On today's menu: monitoring. People have all kinds of different meanings for monitoring, and they're all right, because there is no one way to monitor your applications and infrastructure. I just did a recount, and there are no less than six levels of detail you can and probably should get. Note that these are my definitions, they don't necessarily have to be officially named, they're solely based on my experiences. Let's start from the top, the outside view of your application.

Availability Level

Availability is a simple measure to the user, either your site is available or it's not. There is nothing in between. When it's slow, it's not available. It's a beautifully binary measure really. From your point of view, any component or layer in your infrastructure could be the problem. The art is to quickly find out which one it is.

So how do you notice when your site is not available? Waiting for your users to tell you is an option, but generally a pretty embarrassing one. Instead you generally start polling some part of your site that's representative of it as a whole.

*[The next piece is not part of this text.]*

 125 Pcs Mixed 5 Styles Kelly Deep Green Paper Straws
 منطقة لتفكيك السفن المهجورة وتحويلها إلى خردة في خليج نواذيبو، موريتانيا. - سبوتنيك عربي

When that particular site is not available, your whole application may as well not be.

What that page should do is get a quick measure of the most important components of your site, check if they're available (maybe even with a timeout involved so you get an idea if a specific component is broken) and return the result. An external process can then monitor that page and notify you when it doesn't return the expected result. Make sure the site does a bit more than just return "OK". If it doesn't hit any of the major components in your stack, there's a chance you're not going to notice that e.g. your database is becoming unavailable.

You should run this process from a different host, but what do you do if that host is not available? Even as an infrastructure provider I like outsourcing parts of my own infrastructure. Here's where Pingdom comes into play. They can monitor a specific URL, TCP ports and whatnot from some two dozen locations across the planet and they randomly go through all of them, notifying you when your site is unavailable or the result doesn't match the expectations.


Business Level

These aren't necessarily metrics related to your application's or infrastructure's availability, they're more along the lines of what your users are doing right now, or have done over the last month. Think number of new users per day, number of sales in the last hour, or, in our case, number of EC2 instances running at any minute. Stuff like Google Analytics or click paths (using tools like Hummingbird, for example) in general also fall into this category.

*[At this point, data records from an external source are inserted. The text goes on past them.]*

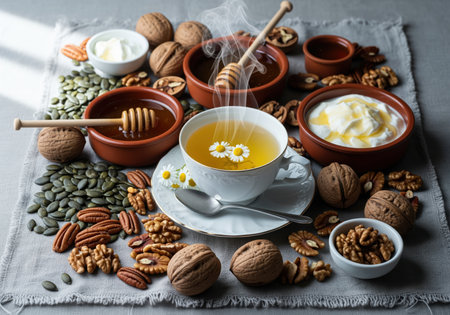 Steaming cup of chamomile tea surrounded by bowls of raw honey and creamy yogurt drizzled with honey. assortment of walnuts, pecans, and pumpkin seeds scattered on a rustic linen cloth. focus on natural health and nutrition.の素材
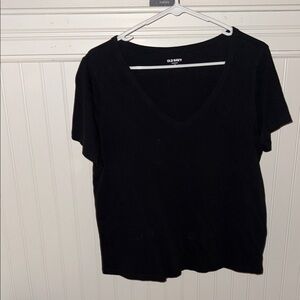 Old Navy Black V-Neck Short Sleeve Tee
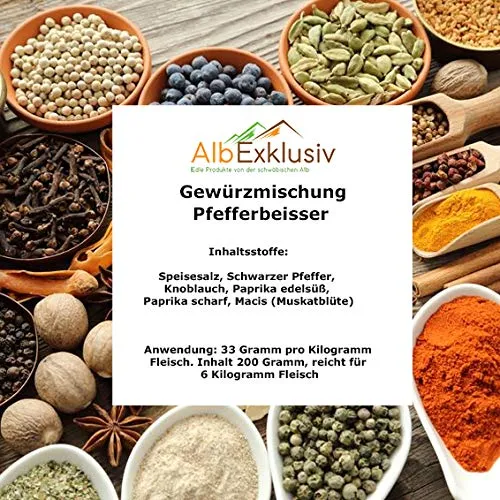 Gewürzmischung für Pfefferbeisser mit Speisesalz. Pökelsalz Variante ist auch erhältlich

These kind of metrics may be more important to your business than to your infrastructure, but they're important nonetheless, and they could e.g. be integrated with another metrics collection tool, some of which we'll get to in a minute. Depending on what kind of data you're gathering they're also useful to analyze spikes in your application's performance.

This kind of data can be hard to track in a generic way. Usually it's up to your application to gather them and turn them into a format that's acceptable to a different tool to collect them. They're also usually very specific to your application and its business model.

Application Level

Digging deeper from the outsider's view, you want to be able to track what's going on inside of your application right now. What are the main entry points, what are the database queries involved, where are the hot spots, which queries are slow, what kinds of errors are being caused by your application, to name a few.

This will give you an overview of the innards of your code, and it's simply invaluable to have that kind of insight. You usually don't need much historical data in this area, just a couple of days worth will usually be enough to analyze problems in retrospect. It can't hurt to keep them around though, because growth also shows trends in potential application code hot spots or database queries getting slower over time.

To get an inside view of your application, services like New Relic exist. While their services aren't exactly cheap (most monitoring services aren't, no surprise here), they're invaluable. You can dig down from the Rails controller level to find the method calls and database queries that are slowest at a given moment in time (most likely you'll be wanting to check the data for the last hours to analyze an incident), digging deeper into other metrics from there. Here's an example of what it looks like.

New Relic

You can also use the Rails log file and tools like Request-log-analyzer. They can help you get started for free, but don't expect a similar, fine-grained level of detail like you get with New Relic. However, with Rails 3 it's become a lot easier to instrument code that's interesting to you and gather data on runtimes of specific methods yourself.

Other means are e.g. JMX, one of the neat features you get when using a JVM-based language like JRuby. Your application can contiuously collect and expose metrics through a defined interface to be inspected or gathered by other means. JMX can even be used to call into your application from the outside, without having to go through a web interface.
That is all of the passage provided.